EXERCISE BRIEF
Starting at the first line of the data, print each line verbatim up to and including the line bearing "Vanilla Palm Music", omitting pictures.

GIVEN DATA
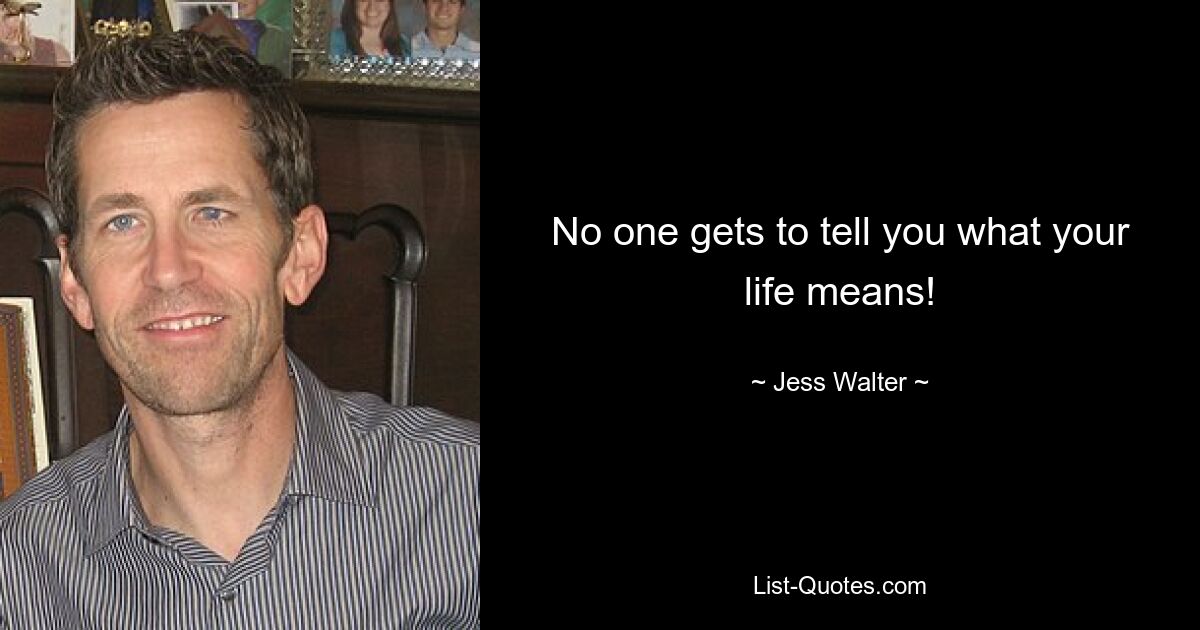 No one gets to tell you what your life means! — © Jess Walter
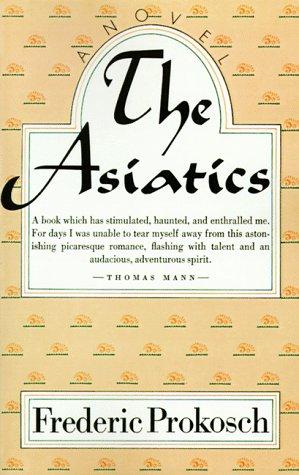 Prokosch, Frederic: The Asiatics (1983, Farrar, Straus, Giroux)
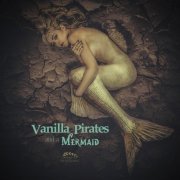 Vanilla Palm Music - Vanilla Pirates and a Mermaid (2022)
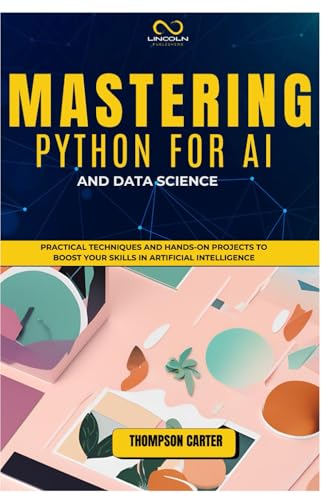 MASTERING PYTHON FOR AI AND DATA SCIENCE: Practical Techniques and Hands-On Projects to Boost Your Skills in Artificial Intelligence MASTERING PYTHON FOR AI AND DATA SCIENCE: Practical Techniques and Hands-On Projects to Boost Your Skills in Artificial Intelligence von Independently published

EXERCISE SOLUTION
 No one gets to tell you what your life means! — © Jess Walter
 Prokosch, Frederic: The Asiatics (1983, Farrar, Straus, Giroux)
 Vanilla Palm Music - Vanilla Pirates and a Mermaid (2022)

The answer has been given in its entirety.